* **Problem requirements**: Find the line containing "Kichler Lighting Satin" in the listing below. Repeat it exactly, along with each following line up to and including the one containing "David Davis, Michel Barnier".

* **Recorded data**:
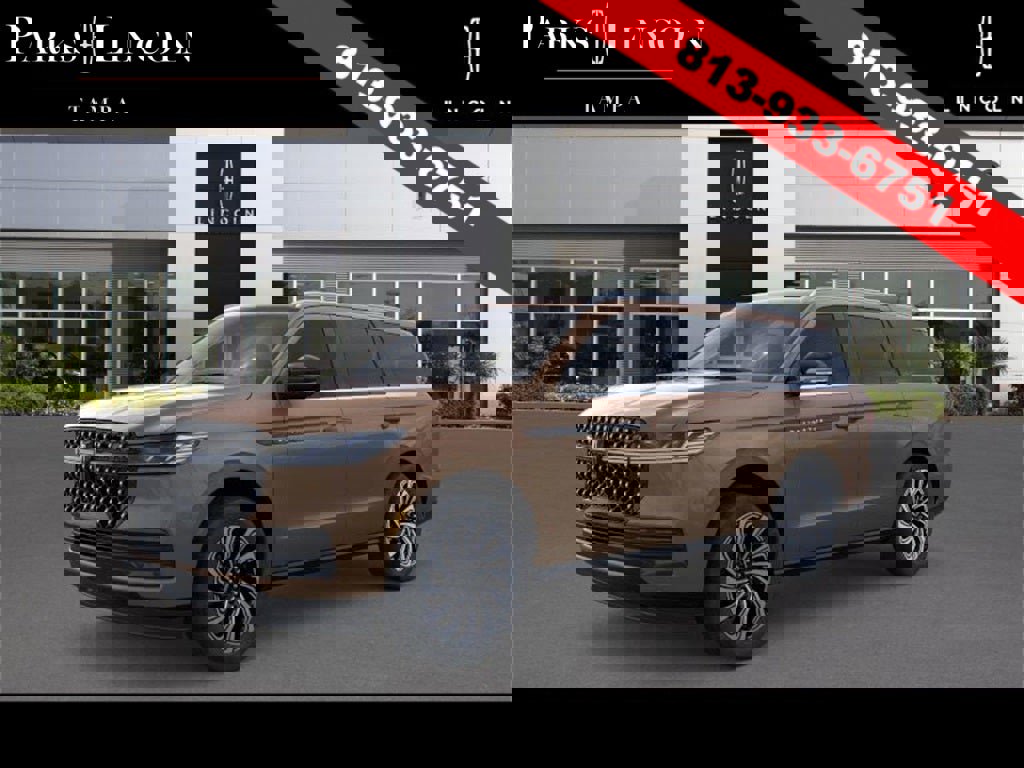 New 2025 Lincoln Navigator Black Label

* * *

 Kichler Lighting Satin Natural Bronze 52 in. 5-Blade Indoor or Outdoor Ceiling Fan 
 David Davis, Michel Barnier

* **Solution to the problem**:
 Kichler Lighting Satin Natural Bronze 52 in. 5-Blade Indoor or Outdoor Ceiling Fan 
 David Davis, Michel Barnier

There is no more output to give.